Police stations are vanishing while crime increases: spot the problem
New figures from the Home Office show that 227 police stations have closed since May 1997, representing three closures for every month that Labour has been in power.
Rural areas have been hit hardest by the closure programme as services have been centralised in urban areas.
Essex has lost 59, Gloucestershire 23, Nottinghamshire 22, Hampshire 20 and Cumbria 10. Other areas which have seen double-figure closures include Greater Manchester (15), Gwent (10), Lancashire (13), South Wales (22), and South Yorkshire (12).
Police spokesmen argue that the cost of maintaining old and ill-equipped buildings justifies closures. In London and other major cities, police stations may be sold to property developers in order to boost funds.
The closure figures have emerged at a time when crime figures are increasing. Government ministers say the British Crime Survey points to a decline in crime – but the Survey excludes around 12 million crimes a year from its calculations, ranging from murder to shoplifting.
Although smaller police stations have been closing for a number of years, these latest figures highlight the difference between Labour’s talking about crime and what happens in reality.

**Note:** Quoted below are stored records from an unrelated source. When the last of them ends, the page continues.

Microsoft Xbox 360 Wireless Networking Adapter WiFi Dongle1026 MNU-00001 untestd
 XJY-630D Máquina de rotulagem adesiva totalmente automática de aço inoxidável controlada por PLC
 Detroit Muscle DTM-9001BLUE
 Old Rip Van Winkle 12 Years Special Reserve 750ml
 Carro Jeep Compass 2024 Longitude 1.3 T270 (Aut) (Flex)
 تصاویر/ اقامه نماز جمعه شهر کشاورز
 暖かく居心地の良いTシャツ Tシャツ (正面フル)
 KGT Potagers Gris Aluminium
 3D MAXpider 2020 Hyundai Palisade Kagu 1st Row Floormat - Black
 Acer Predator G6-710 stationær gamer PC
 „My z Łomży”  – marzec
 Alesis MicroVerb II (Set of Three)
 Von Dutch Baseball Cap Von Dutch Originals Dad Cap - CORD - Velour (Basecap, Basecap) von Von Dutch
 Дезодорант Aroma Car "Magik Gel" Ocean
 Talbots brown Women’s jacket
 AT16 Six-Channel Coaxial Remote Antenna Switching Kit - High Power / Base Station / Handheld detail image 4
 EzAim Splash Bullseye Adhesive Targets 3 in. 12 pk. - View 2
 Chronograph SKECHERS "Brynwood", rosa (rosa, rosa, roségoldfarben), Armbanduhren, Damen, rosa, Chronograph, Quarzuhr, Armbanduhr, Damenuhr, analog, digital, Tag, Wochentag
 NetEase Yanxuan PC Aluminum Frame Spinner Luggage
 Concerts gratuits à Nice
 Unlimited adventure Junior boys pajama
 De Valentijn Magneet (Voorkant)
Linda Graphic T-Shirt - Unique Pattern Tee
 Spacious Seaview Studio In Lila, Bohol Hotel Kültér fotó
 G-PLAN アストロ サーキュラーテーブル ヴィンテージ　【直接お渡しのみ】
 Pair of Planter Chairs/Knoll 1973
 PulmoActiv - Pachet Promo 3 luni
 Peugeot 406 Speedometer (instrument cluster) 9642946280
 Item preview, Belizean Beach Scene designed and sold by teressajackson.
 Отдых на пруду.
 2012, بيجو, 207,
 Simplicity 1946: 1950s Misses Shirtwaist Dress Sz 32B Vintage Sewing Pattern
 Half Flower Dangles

On television, Government ministers tell us they are spending more on policing. In practice, violent crime is soaring and the public feels let down by Labour’s record.
As Michael Howard has stated in his speech about fighting crime and restoring respect, we need a new start in policing with more officers on the streets, less paperwork and bureaucracy and an emphasis on results, not targets.
In his speech on Tuesday, Mr Howard quoted Sir Robert Peel, the founder of Britain’s police force, who said, “The test of police efficiency is the absence of crime and disorder – not the visible evidence of police action in dealing with it”.
But in instances of domestic burglary or violent crime, said Mr Howard, “David Blunkett’s ‘Policing Performance Assessment Framework’ requires the police to ‘measure the victims’ satisfaction with the overall level of service provided’.
“What the victims of burglary and violent crime want is to see the criminal who caused the crime caught, convicted and punished.”
He added, “We need to police our streets, not de-police them. We need a police force which intervenes, confronts and challenges every kind of crime and disorder… in short, we need zero-tolerance policing.”